App traffic allowed through Tunnel VPN (Android native and Android enterprise)
When a Tunnel VPN session is created, the Tunnel configuration is provided to the Android operating system. The Tunnel configuration includes information such as allowed and disallowed apps, routes, and domain name servers. Android enforces access to Tunnel, based on the provided configuration. The apps that use MobileIron Tunnel is determined by the allowed and disallowed configuration. You configure either an allowed list or a disallowed list.
- Allowed: Only the apps that are on the allowed list (whitelist) have access to Tunnel. Traffic from all other apps is not allowed to go through Tunnel and goes through the device network.
- Disallowed: All apps have access to Tunnel, except the ones on the disallowed list (blacklist). Traffic from the disallowed list goes through the device network.
Ensure that you have configured either an allowed app list or a disallowed app list. If an allowed list is not configured, MobileIron strongly suggests adding at least the following to a disallowed list to avoid OS traffic going through Tunnel VPN:
- Mobile@Work if your UEM is MobileIron Core (com.mobileiron)
- MobileIron Go if your UEM is MobileIron Cloud (com.mobileiron.anyware.android)
- Android play store (com.android.vending)
- Google Play Service (com.google.android.gms)
- Carrier Service (com.google.android.ims)
- (For Samsung devices) Samsung Experience Service (com.samsung.android.mobileservice)
- All apps that have been enabled by default in the “Allow App while Data Saver On” or “Unrestricted data access” list under the data saver settings. These are mandatory apps required for the Android system.
In addition, the following also determine how an app uses Tunnel:
- Tunnel routes and MobileIron Tunnel for Android
- DNS servers and MobileIron Tunnel for Android
- Always-on Tunnel VPN and MobileIron Tunnel for Android
- Connection recovery for MobileIron Tunnel for Android
Tunnel routes and MobileIron Tunnel for Android
During the creation of the VPN session, configured routes are set to the TUN interface. If the administrator did not configure any routes in Tunnel configuration, Tunnel uses 0.0.0.0/0. The configured routes are used in the following ways:
- Only traffic from apps that can use Tunnel goes through the configured routes.

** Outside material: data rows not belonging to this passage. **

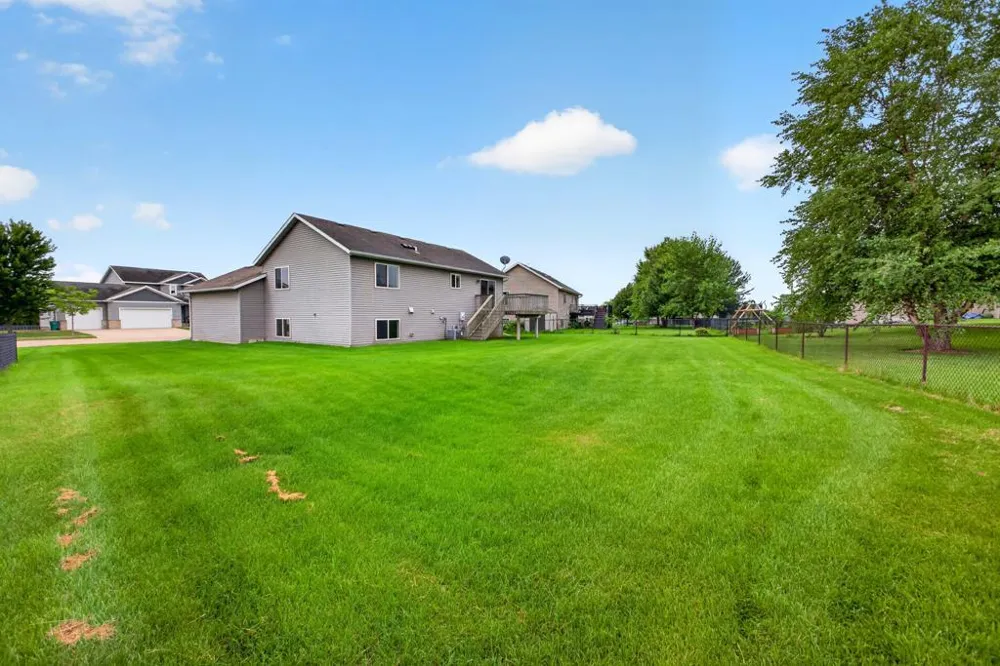 4569 Arctic Fox Road NW Rochester, MN 55901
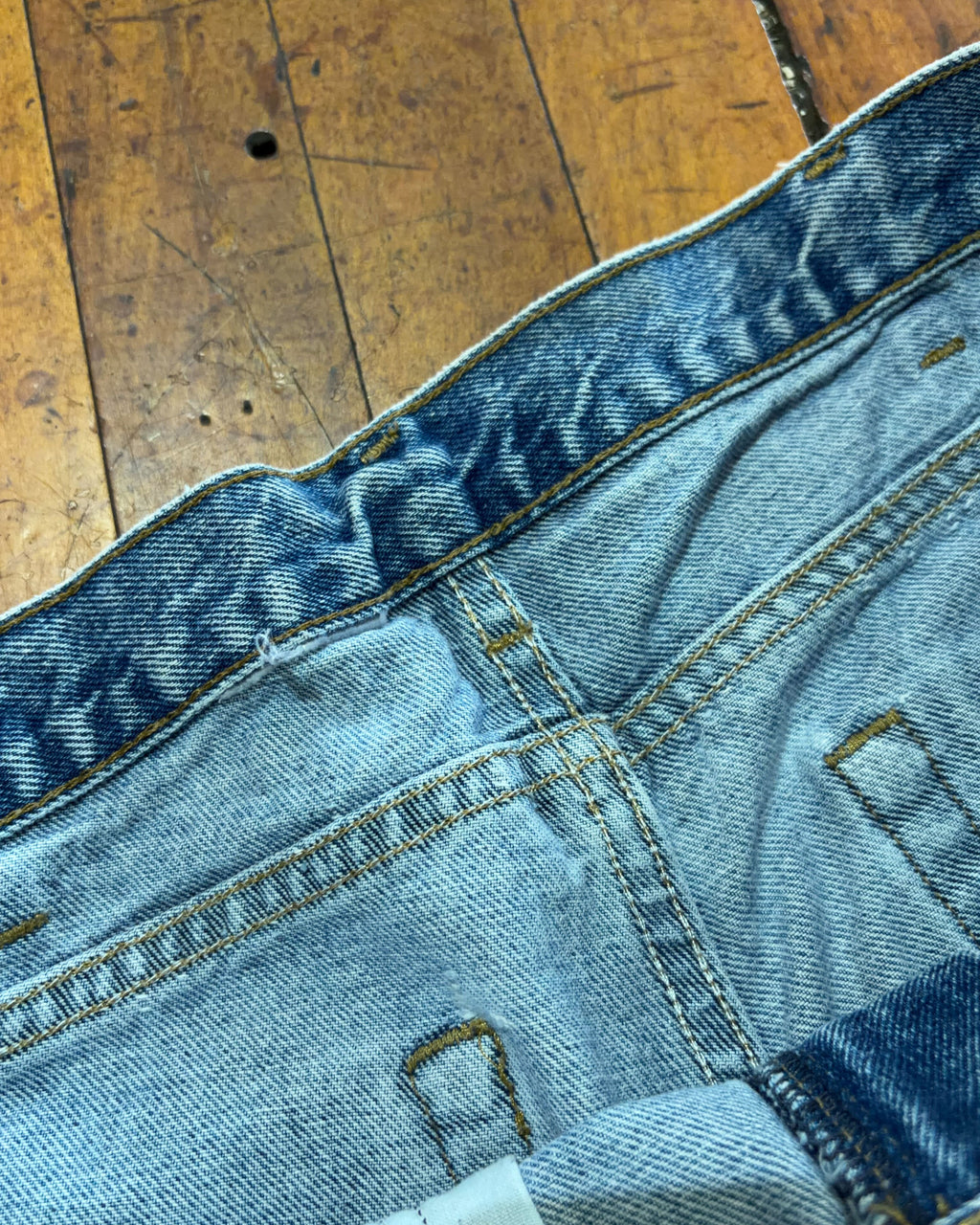 Vintage Carhartt Light Wash Denim Workwear Pants Size 34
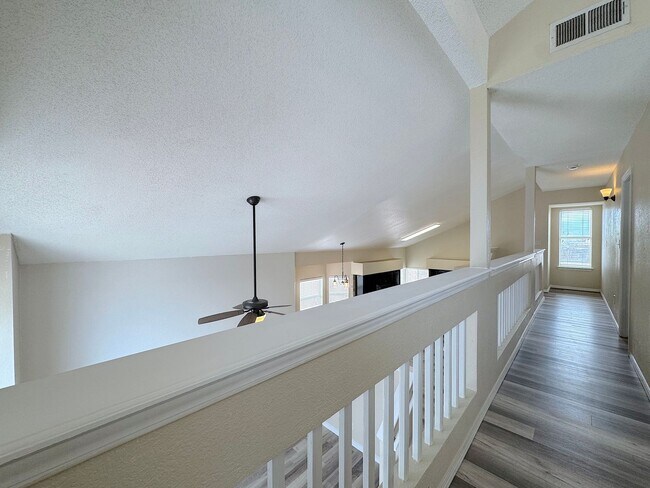 Building Photo - East El Paso Split Tri-Level 3 bed/2 bath Refrig A/C with bonus loft!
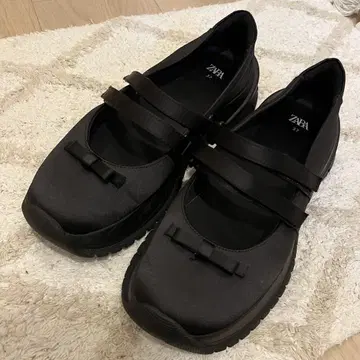 자라 리본 포함 스포티 발레리나 신발 37 사이즈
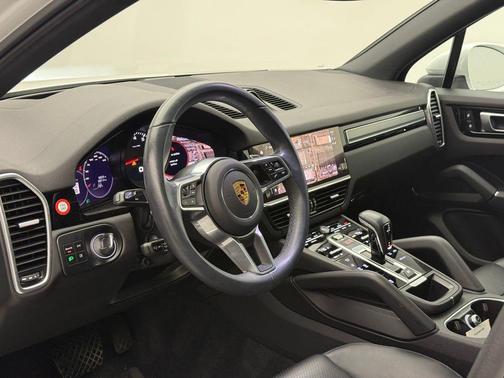 2023 Porsche Cayenne Platinum Edition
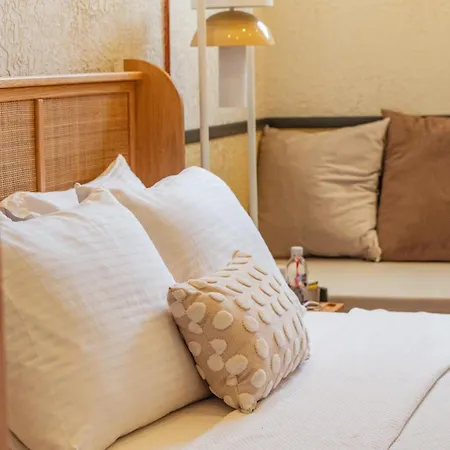 Hotel Qara *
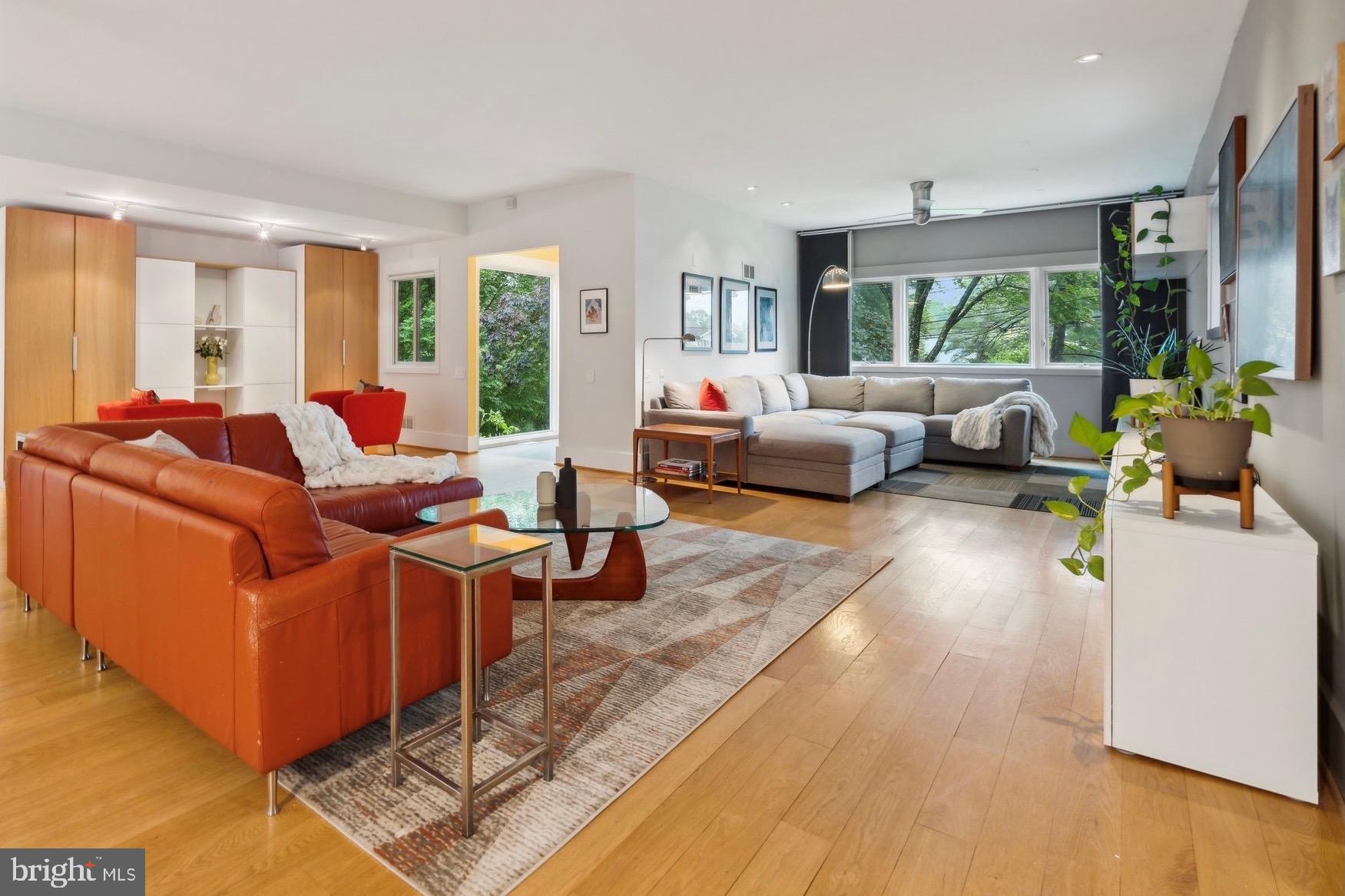 HIGH POINT - Residential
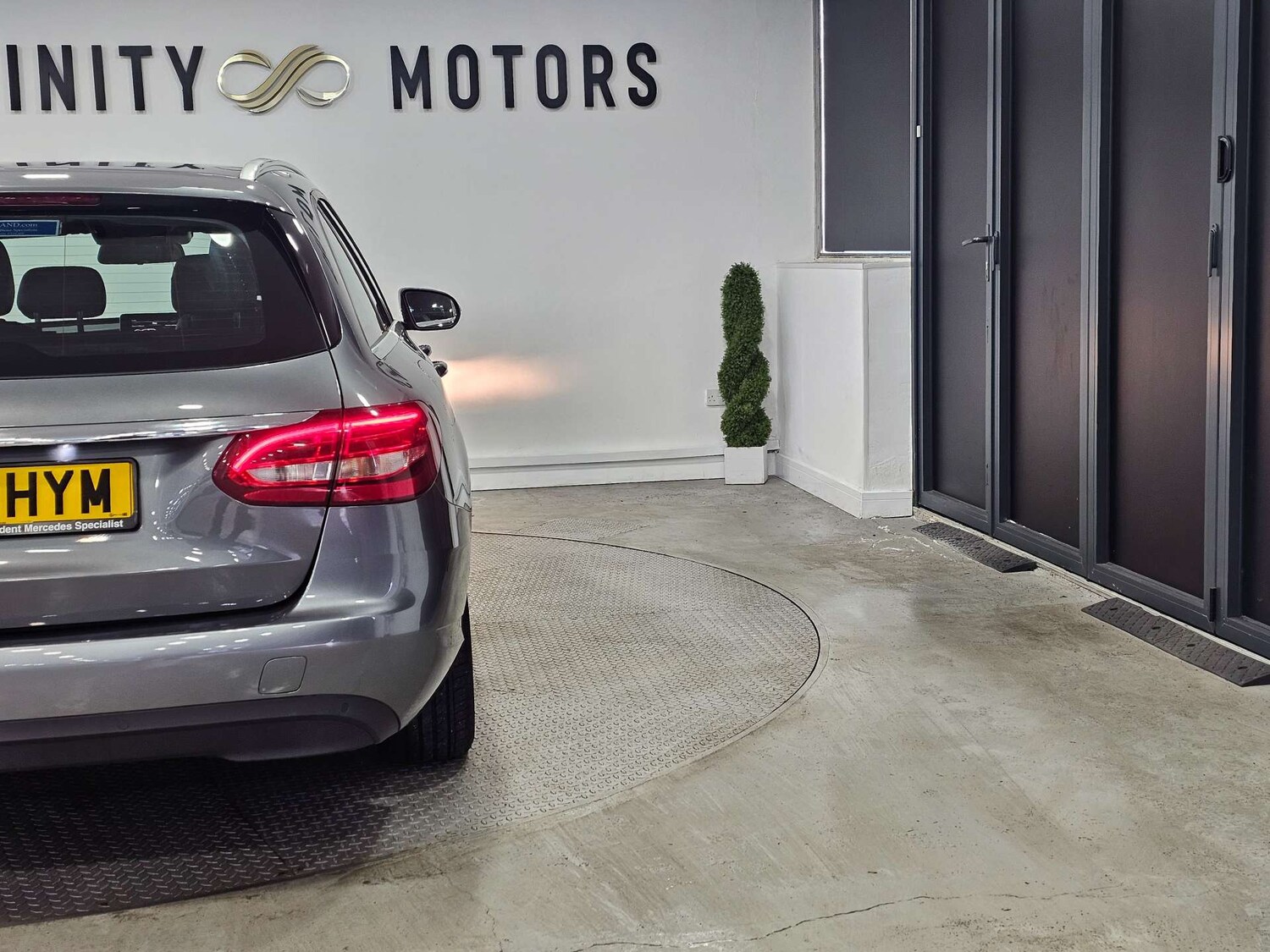 Used Mercedes-Benz C Class 2018 for sale - 76972495: Photo 30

- You cannot configure a different set of routes for different allowed apps.
- Traffic from non Android enterprise apps or to disallowed Android enterprise apps does not go through the routes configured for Tunnel.
DNS servers and MobileIron Tunnel for Android
DNS requests coming from allowed apps are resolved by the domain name servers (DNS) configured for the VPN during the VPN creation session. These servers are different from the DNS for the original Wi-Fi or cellular connection.
In addition, the Tunnel SplitDomain feature allows you to use two different domain name servers to resolve DNS requests, based on the requested domain. The two domain name servers typically are the DNS configured for the device network and the DNS configured for VPN.
Always-on Tunnel VPN and MobileIron Tunnel for Android
On Android 5 and 6 devices, always-on is a MobileIron implementation. The feature is enabled by default. You can configure by using the key appRunningCheckIntervalSec, which configures the check interval.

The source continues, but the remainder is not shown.